The e/s were marked down to $10 so I bought one (Cassis), AND the One Step foundation which I loved at Sephora but cost $44 there (more than I was willing to pay)...was marked down to 24...The MA that helped me out also let me get an empty quad for $5 (these are 16 in store)....Woo hoo! Crossing my fingers the color works out though, it's hard to tell in the lighting at the convention center and at home...gonna have to check it out in the daylight.

Other stuff I bought:

At Naimie's:

Lisa Watier Lip Kiss Crayon Gloss in "Passion Fuchsia", beautiful bright, moisturizing crayon thats halfway between gloss and lipstick...very moisturizing and sooo pigmented! (A bit of a fruity scent to it, so if that's not something you're into, I don't recommend it. But I love it 
	

	
	
		
		

		
			





 )

Two beauty blenders + cleanser....these were just $24.50 (I think this retails for $40...used to be more when I checked last year)

At Nyx:
They had every Nyx item you could think of...not very marked down but at least it was all there in front of you to swatch. 

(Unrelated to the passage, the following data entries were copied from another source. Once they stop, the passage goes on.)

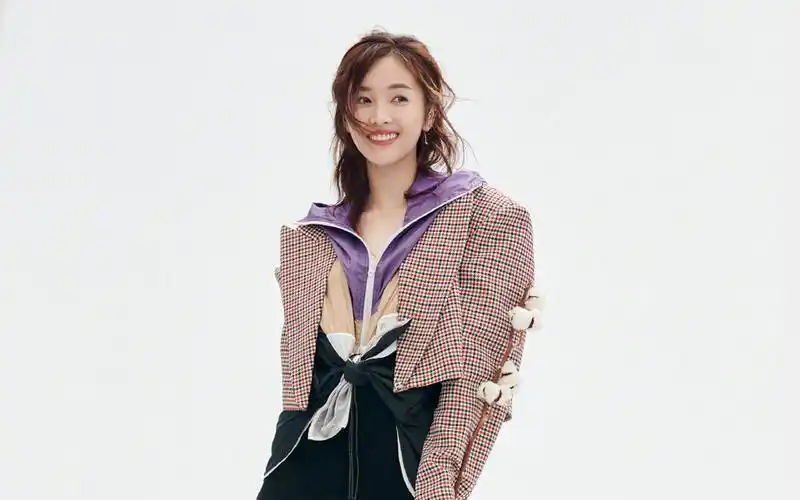 狮子座特别喜欢炫耀炫耀自己的女朋友多漂亮时时刻刻撒狗粮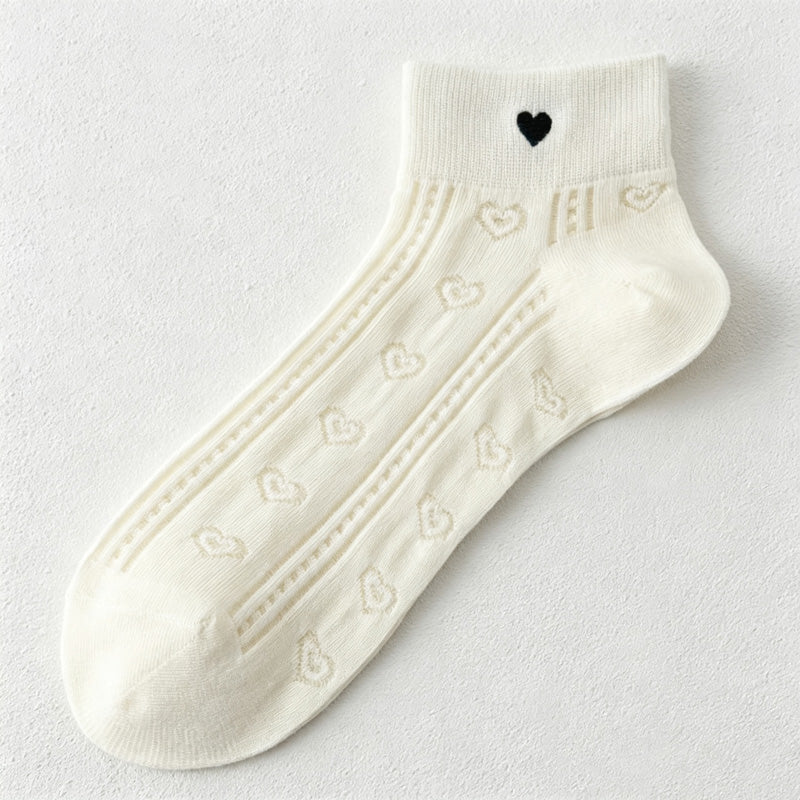 CouldNook Heart Motif Patterned Socks - Soft Home Detail (MK2COW6W8FHO05)
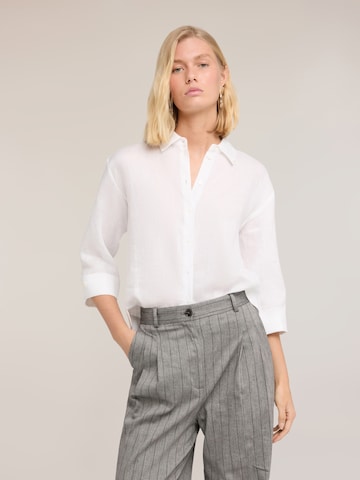 MOTIVI Blouse in White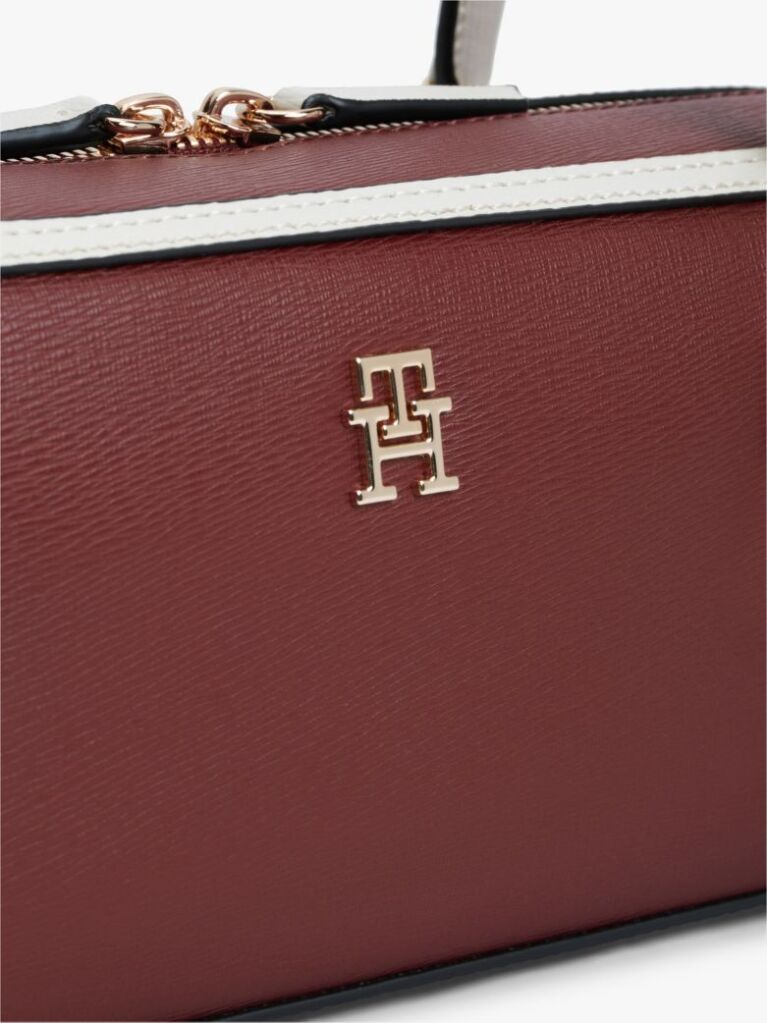 Red Colour-Blocked Rectangular Shoulder Bag  Women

I ended up buying "I dream of St. Marteen" 5 color palette (and yes these are very pigmented)...don't know why I did this though since I am SO jumping on the UD Naked palette when it comes out LOL!
Also got a black felt tip eyeliner (liquid), and an e/s in "my favorite color"....reminds me of MAC dazzlelight.

Crown Brushes:
I got a kabuki, a fan brush kabuki, and a flat top brush...

I hung around the show for about 2 hours...I almost got in the crazy MUFE line but just to swatch products there were SO many people and I could see they had already sold out of a bunch of stuff...I didn't want to end up going into that lonnnnnnng line just to find out the things I wanted were sold out. I just looked around the show some more at all of the body painting/sculpting....I saw a bit of Eve Pearl's 
demo on the floor (but the audio was really bad, so I left)...

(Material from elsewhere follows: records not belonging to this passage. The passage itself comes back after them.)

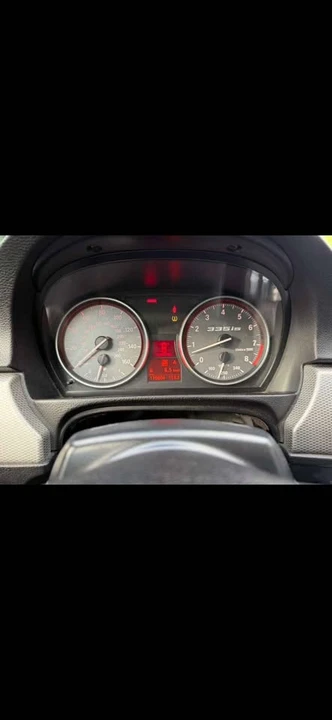 2011 BMW E93 335i Convertible - Image 17 of 20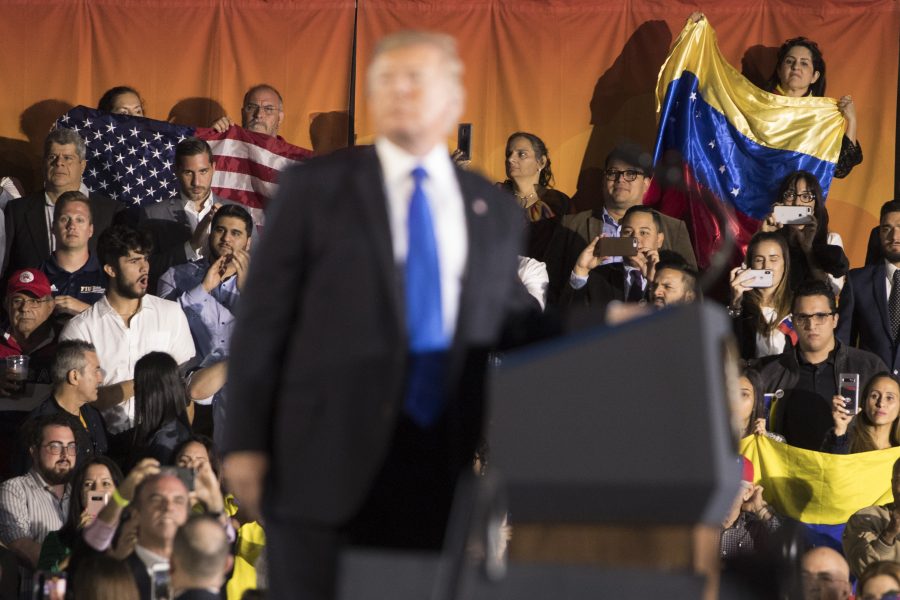 President Trump håller tal vid ett möte med en Venezuela-amerikansk förening vid Florida International University.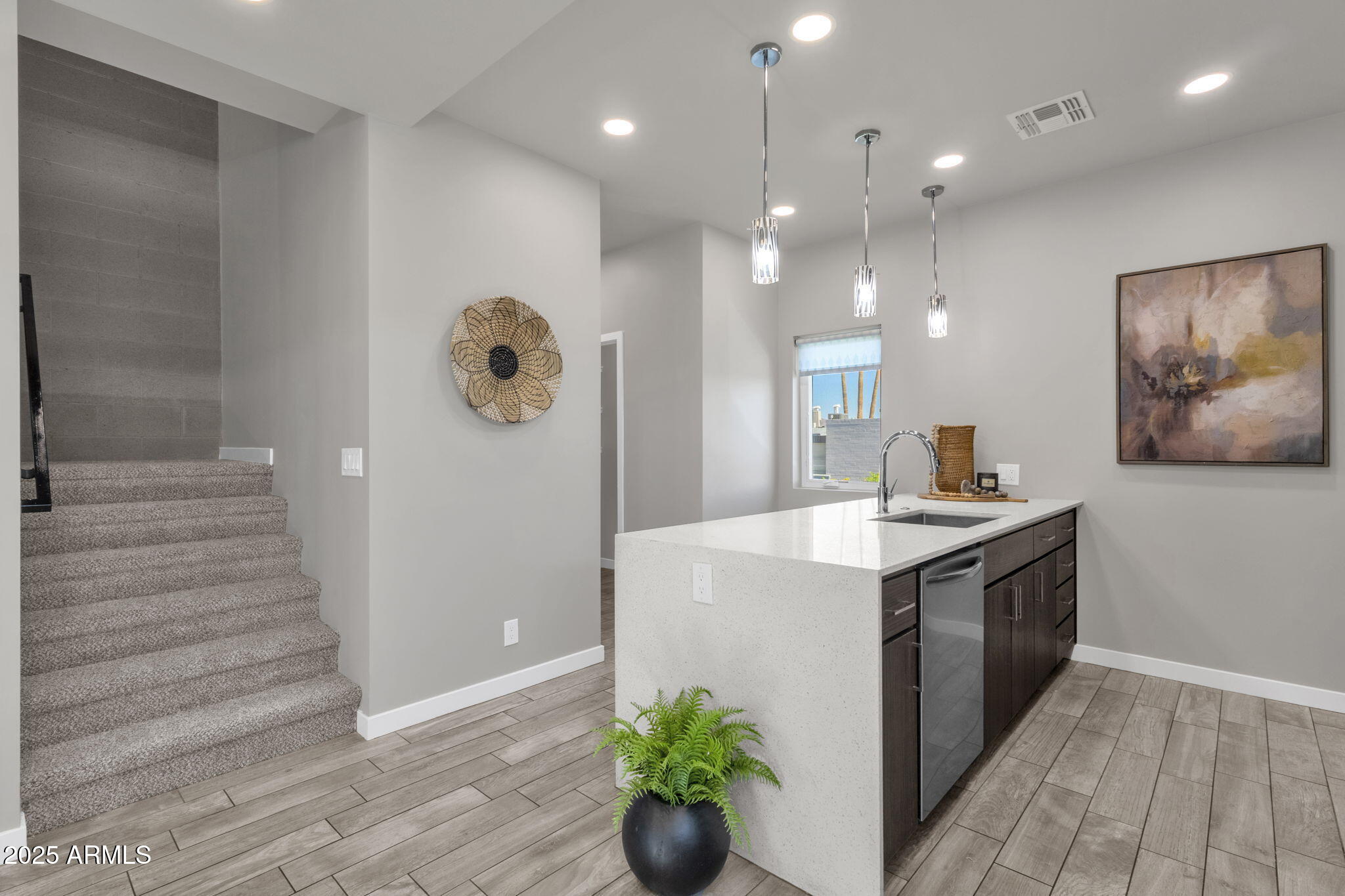 2727 E THOMAS Road E, 9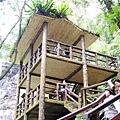 瀑旁3層樓高的木造賞瀑樓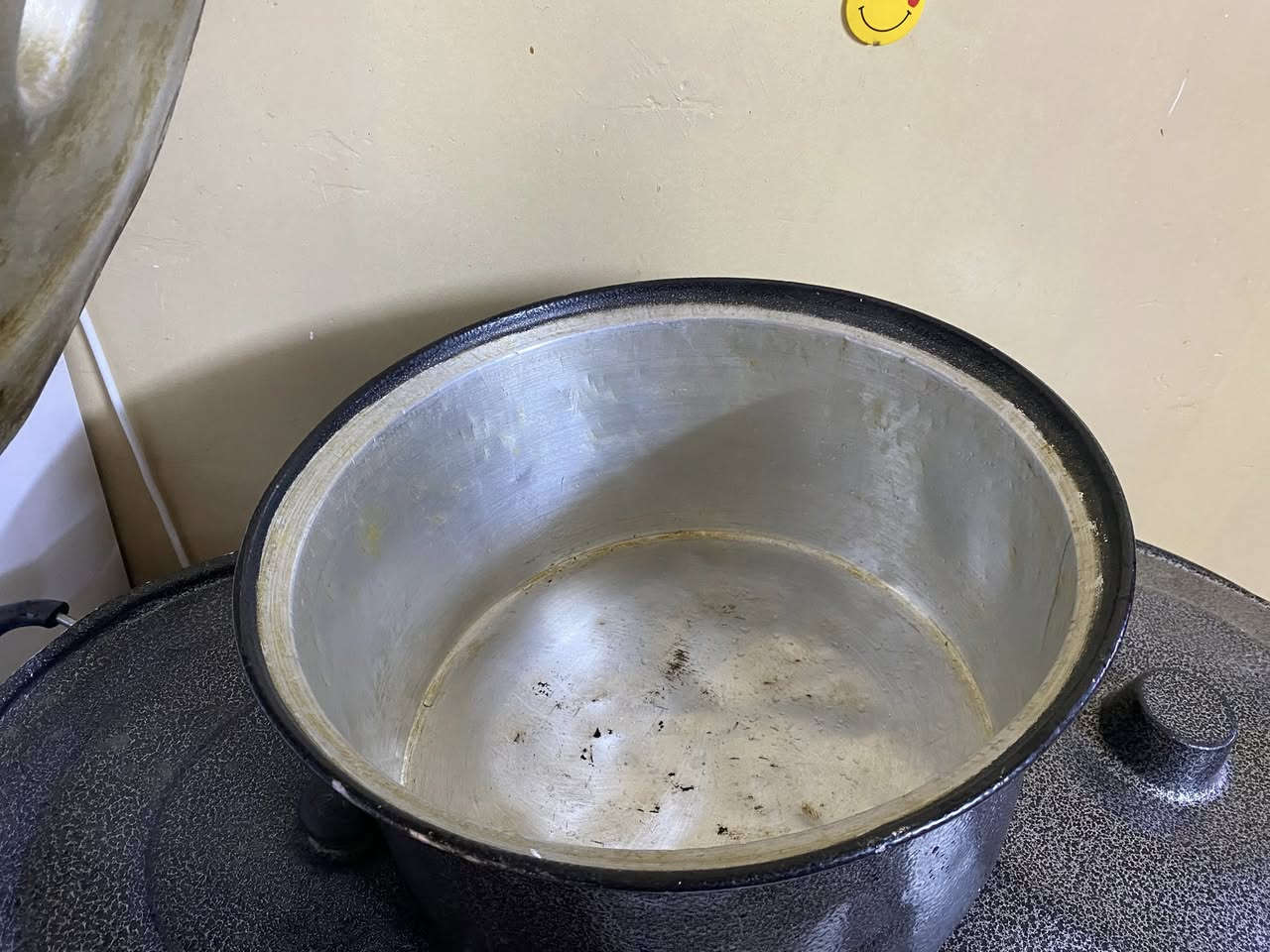 ثلاث جداري مال عزايم حجم كبير مع طاوة كبس ثقيلة ٥٠ الف قطعة ٥٠٠ القادسية


**إذا كنت صاحب هذا الإعلان وتريد حذفه لأي سبب، رجاءا أرسل رسالة إلى الدعم الفني**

The body painting was just really getting underway as I was about to leave....What I saw of them were really amazing though. One in particular...I kept staring because I couldn't believe this was all just rubber and makeup I was staring at...really cool (it was a "creature" of some sort lol).

I forgot to buy brush guards ....and chickened out on the Clarisonic *sigh* (two things i had written down to get). Oh well, there's always next year 
	

	
	
		
		

		
		
	


	




....and the brush guards should be easy enough to get at Sallys or online.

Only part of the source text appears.